Data excerpts
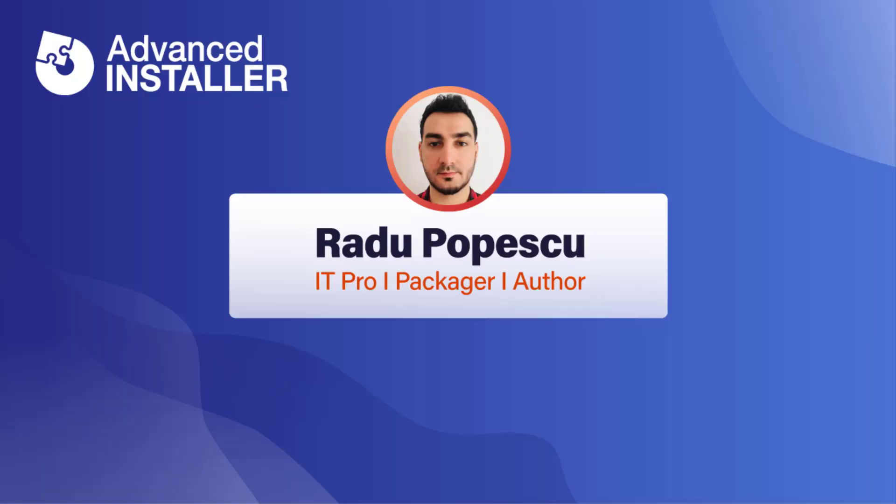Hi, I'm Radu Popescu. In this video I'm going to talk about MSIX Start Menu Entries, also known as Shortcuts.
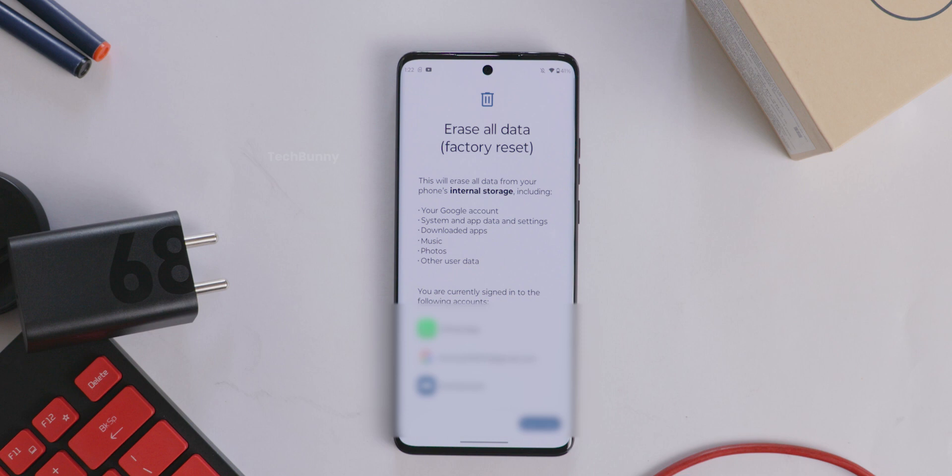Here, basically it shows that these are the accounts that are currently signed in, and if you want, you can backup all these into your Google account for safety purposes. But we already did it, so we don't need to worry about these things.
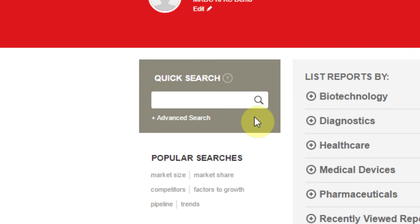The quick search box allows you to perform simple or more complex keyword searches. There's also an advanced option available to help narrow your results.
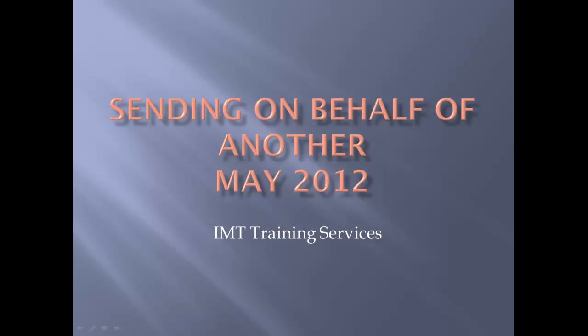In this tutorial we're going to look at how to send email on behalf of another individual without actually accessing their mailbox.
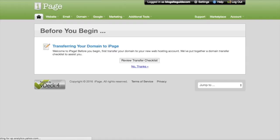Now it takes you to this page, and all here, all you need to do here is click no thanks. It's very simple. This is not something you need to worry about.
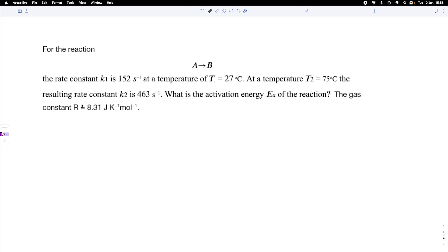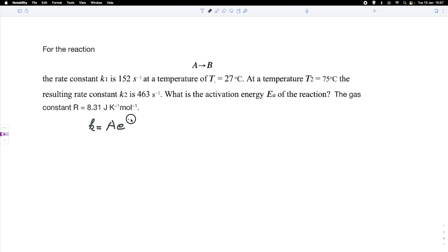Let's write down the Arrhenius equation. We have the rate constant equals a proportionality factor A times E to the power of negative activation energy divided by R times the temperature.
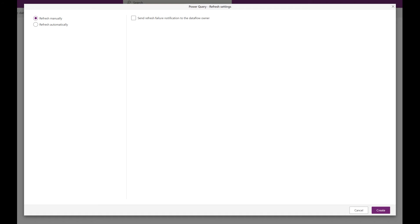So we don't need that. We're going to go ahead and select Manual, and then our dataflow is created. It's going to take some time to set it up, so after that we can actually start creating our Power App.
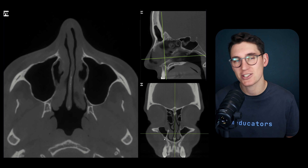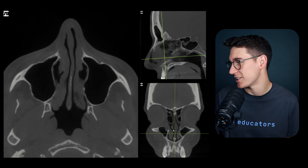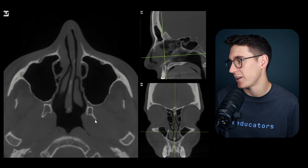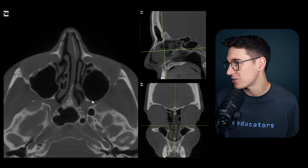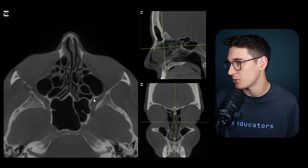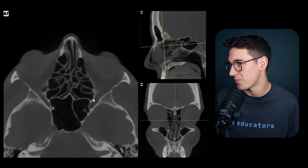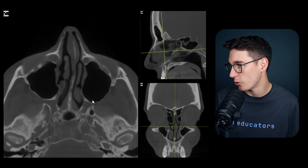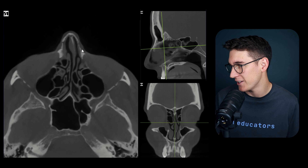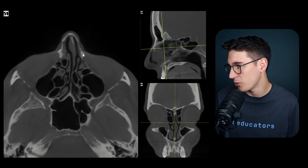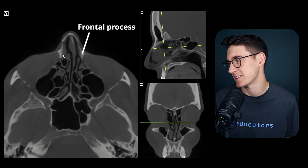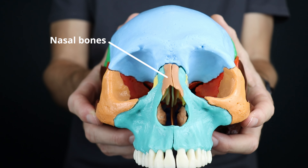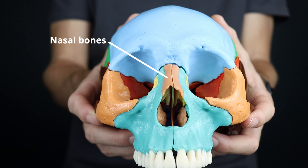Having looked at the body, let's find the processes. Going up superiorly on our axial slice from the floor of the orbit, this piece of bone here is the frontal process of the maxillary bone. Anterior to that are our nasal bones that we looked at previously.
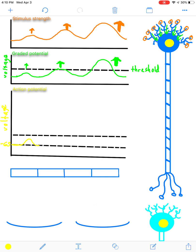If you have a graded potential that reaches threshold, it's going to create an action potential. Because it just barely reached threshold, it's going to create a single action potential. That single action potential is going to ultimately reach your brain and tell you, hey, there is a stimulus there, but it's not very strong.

Directions>
Return nothing but the lines running from the start of the data to the line with "Having looked at", please, both ends included and no pictures.

Your solution>
Hi, I'm Radu Popescu. In this video I'm going to talk about MSIX Start Menu Entries, also known as Shortcuts.
Here, basically it shows that these are the accounts that are currently signed in, and if you want, you can backup all these into your Google account for safety purposes. But we already did it, so we don't need to worry about these things.
The quick search box allows you to perform simple or more complex keyword searches. There's also an advanced option available to help narrow your results.
In this tutorial we're going to look at how to send email on behalf of another individual without actually accessing their mailbox.
Now it takes you to this page, and all here, all you need to do here is click no thanks. It's very simple. This is not something you need to worry about.
Let's write down the Arrhenius equation. We have the rate constant equals a proportionality factor A times E to the power of negative activation energy divided by R times the temperature.
So we don't need that. We're going to go ahead and select Manual, and then our dataflow is created. It's going to take some time to set it up, so after that we can actually start creating our Power App.
Having looked at the body, let's find the processes. Going up superiorly on our axial slice from the floor of the orbit, this piece of bone here is the frontal process of the maxillary bone. Anterior to that are our nasal bones that we looked at previously.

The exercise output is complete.